Hakikat kejujuran dalam hal ini adalah hak yang telah tertetapkan, dan terhubung kepada Tuhan. Ia akan sampai kepada-Nya, sehingga balasannya akan didapatkan di dunia dan akhirat. Tuhan telah menjelaskan tentang orang-orang yang berbuat kebajikan, dan memuji mereka atas apa yang telah diperbuat, baik berupa keimanan, sedekah ataupun kesabaran. Bahwa mereka itu adalah orang-orang jujur dan benar. Dan pada hakekatnya jujur atau kejujuran dilandasi oleh kesadaran moral yang tinggi, kesadaran pengakuan akan adanya sama hak dan kewajiban, serta rasa takut terhadap kesalahan atau dosa.
KECURANGAN
Kecurangan atau curang identik dengan ketidak jujuran atau tidak jujur, dan sama pula dengan licik, meskipun tidak serupa benar. Sudah tentu kecurangan sebagai lawan jujur.

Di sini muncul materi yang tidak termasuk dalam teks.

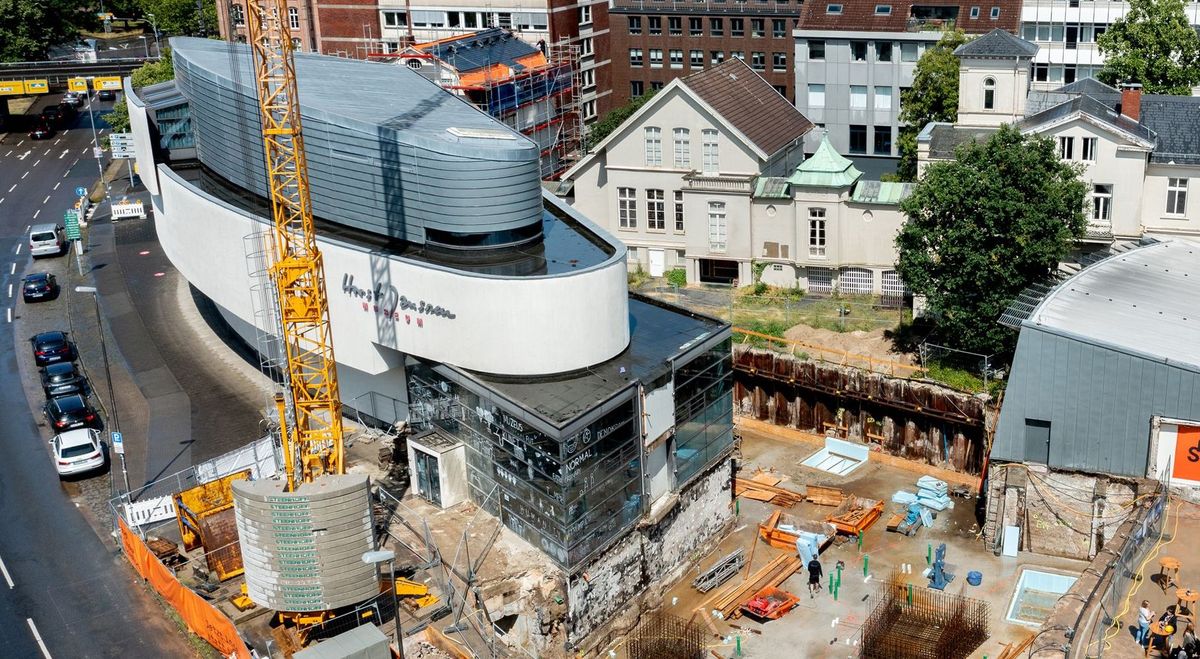 Drohnenaufnahme vom Horst-Janssen-Museum mit Stadtmuseum-Baugrube, Foto: Hauke-Christian Dittrich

Curang atau kecurangan artinya apa yang diinginkan tidak sesuai dengan hati nuraninya. Atau orang itu memang dari hatinya sudah berniat curang dengan maksud memperoleh keuntungan tanpa bertenaga dan usaha. Kecurangan menyebabkan manusia menjadi serakah, tamak, ingin menimbun kekayaan yang berlebihan dengan tujuan agar dianggap sebagai orang yang paling hebat, paling kaya dan senang bila masyarakat sekelilingnya hidup menderita.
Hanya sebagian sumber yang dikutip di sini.